Copy word for word the lines of the records below, beginning at the one with "Замок, обложка рассказа" and finishing at the one with "(Blu-Ray Disk) Sons Of Katie Elder brd", ends included, but none of the pictures.

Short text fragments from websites
--------------------
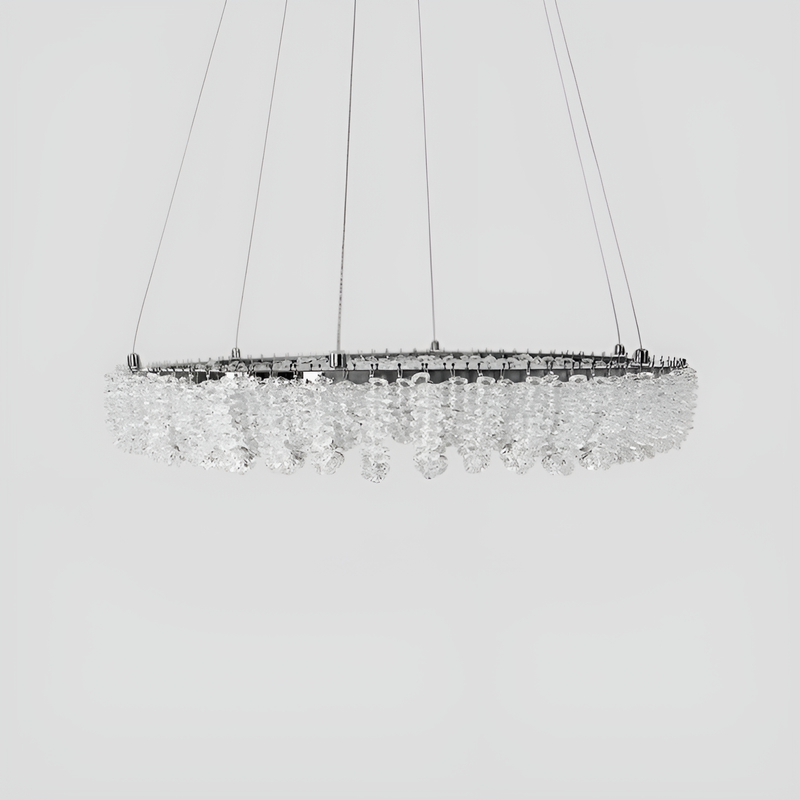 Люстра Crystal D-50cm/60cm/80cm Chrome 250518-100004864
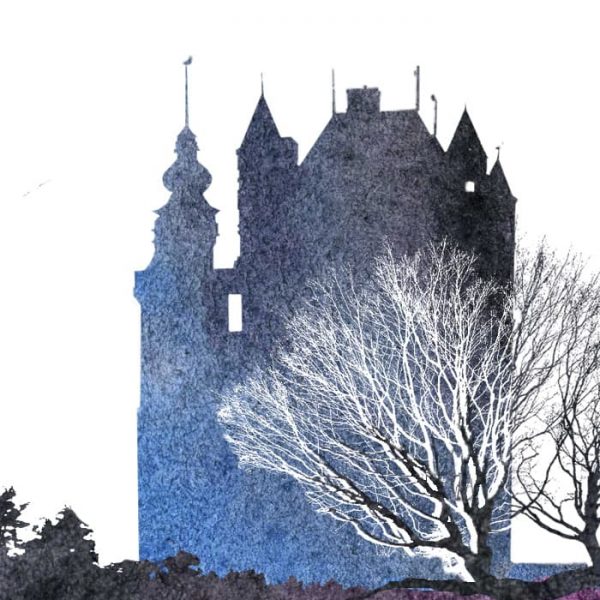 Замок, обложка рассказа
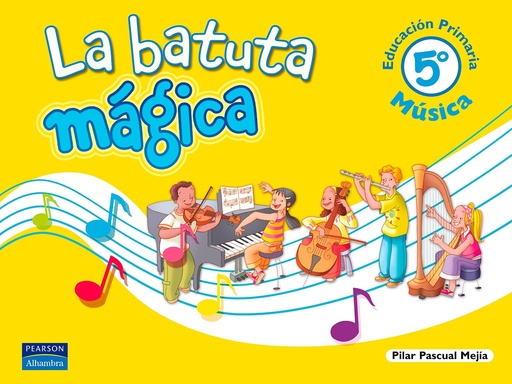 [9788420539898] La batuta mágica 5 libro del alumno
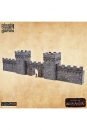 SAGA ColorED Tabletop-Bausatz 28 mm Defensive Wall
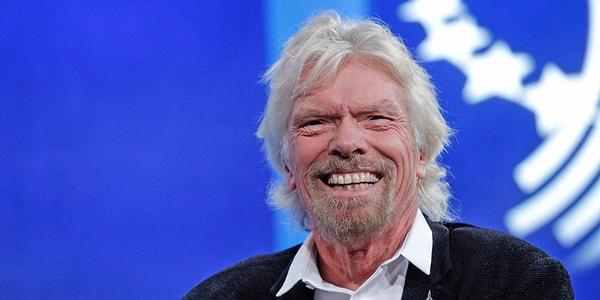 11. Virgin Grubu CEO'su Richard Branson, Onaylanma Derecesi: %59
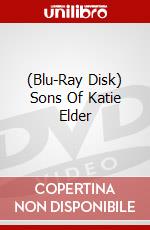(Blu-Ray Disk) Sons Of Katie Elder brd
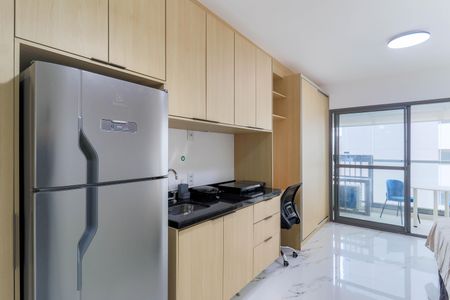 Studio para alugar com 30m², 1 quarto e 1 vagaCozinha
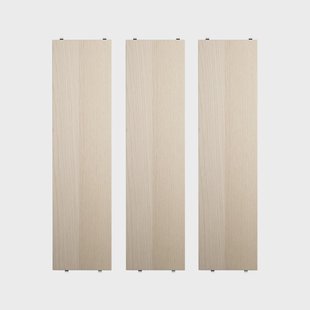 String String plank essenhout, 78x20 cm, 3-pack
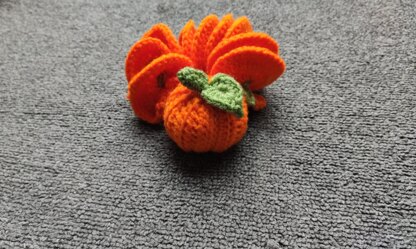 Pumpkin Wind Spinner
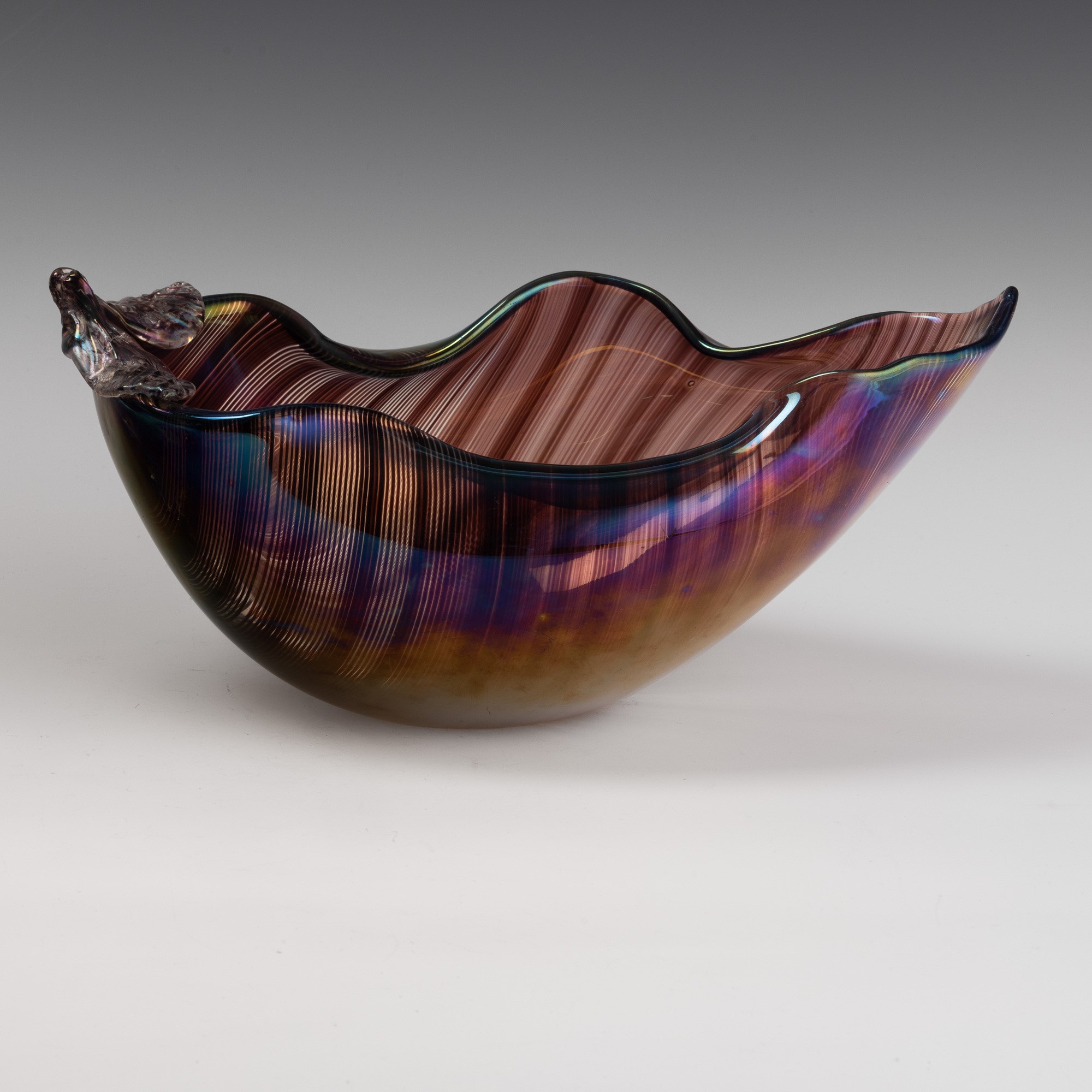 Tyra Lundgren - Venini, Murano 1982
--------------------
■ Final answer ■
 Замок, обложка рассказа
 [9788420539898] La batuta mágica 5 libro del alumno
 SAGA ColorED Tabletop-Bausatz 28 mm Defensive Wall
 11. Virgin Grubu CEO'su Richard Branson, Onaylanma Derecesi: %59
(Blu-Ray Disk) Sons Of Katie Elder brd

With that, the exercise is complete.